1 Introduction

Dynamic hand gesture recognition has attracted increasing interests due to its potential relevance to a wide range of applications, such as touchless automotive user interfaces, gaming, robotics, etc [3, 21, 28]. However, it is still challenging to develop a highly precise hand gesture recognition system, owing to high intra-class variance derived from the various possibilities to perform the same gesture [3, 5, 30].

Fig. 1.
figure 1

Overall architecture of the proposed STA-Res-TCN, which consists of a main branch for feature processing, a mask branch for attention and an element-wise multiplication for the final generation of attention-aware features.

Early studies on dynamic hand gesture recognition mainly take 2D videos captured by RGB cameras as input, which inevitably causes the loss of valuable 3D spatial information and brings in extra challenges of occlusions and light variation [5, 9, 16, 28, 29]. In recent years, thanks to the drastic advances of cost-effective depth sensors, like Microsoft Kinect or Intel RealSense [10, 15, 27, 33], reliable joint coordinates can be easily obtained using hand pose estimation algorithms [6, 22, 34], and thus skeleton-based dynamic hand gesture recognition has become an active research field.

Traditionally, spatial-temporal hand gesture descriptors are first extracted from the input skeleton sequences, and then a classifier is employed for the final predictions [3, 5, 9, 24, 25, 28,29,30]. In recent years, computer vision has witnessed a great success of the introduction of deep learning methods [11, 13, 18, 26]. However, there is significantly little work in the literature using Deep Neural Networks (DNNs) to deal with skeleton-based dynamic hand gesture recognition.
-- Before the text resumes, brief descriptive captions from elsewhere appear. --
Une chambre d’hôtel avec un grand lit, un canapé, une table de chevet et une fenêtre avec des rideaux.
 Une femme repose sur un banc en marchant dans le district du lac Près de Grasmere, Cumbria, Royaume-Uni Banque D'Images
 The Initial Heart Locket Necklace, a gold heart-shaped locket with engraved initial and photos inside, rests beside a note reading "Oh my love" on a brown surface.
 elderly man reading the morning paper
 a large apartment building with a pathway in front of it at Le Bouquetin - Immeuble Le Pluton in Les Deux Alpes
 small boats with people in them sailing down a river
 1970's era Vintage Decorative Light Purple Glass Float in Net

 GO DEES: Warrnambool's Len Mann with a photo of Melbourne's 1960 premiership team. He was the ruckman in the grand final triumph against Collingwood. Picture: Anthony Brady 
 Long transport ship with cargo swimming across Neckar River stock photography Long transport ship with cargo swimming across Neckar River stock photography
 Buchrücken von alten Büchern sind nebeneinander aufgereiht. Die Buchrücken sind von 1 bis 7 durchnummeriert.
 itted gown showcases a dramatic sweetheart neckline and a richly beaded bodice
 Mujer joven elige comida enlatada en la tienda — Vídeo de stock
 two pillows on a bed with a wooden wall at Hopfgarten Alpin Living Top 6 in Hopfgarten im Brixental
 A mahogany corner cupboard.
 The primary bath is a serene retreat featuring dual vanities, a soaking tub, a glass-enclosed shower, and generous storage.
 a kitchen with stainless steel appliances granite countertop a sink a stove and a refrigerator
To the best of our knowledge, the only literature [23], which does employ DNNs, sticks to a two-stage training strategy with a Convolution Neural Network (CNN) followed by a Long Short-Term Memory (LSTM) recurrent network, instead of an end-to-end framework. The CNN focuses on the extraction of spatial features related to the position of the skeleton joints in 3D space, and the LSTM recurrent network is then used to explore time evolutions and drawing predictions.

Recently a novel set of networks, Temporal Convolutional Networks (TCNs), is proved to be an effective approach to capture spatial-temporal patterns in the context of action segmentation and human action recognition task [16, 18]. However, given the high intra-class variance nature of hand gestures, not all features extracted by TCN are necessarily informative for every specific input video at every time step. Attention mechanism needs to be introduced to assist the model to adaptively focus on the informative time frames and features.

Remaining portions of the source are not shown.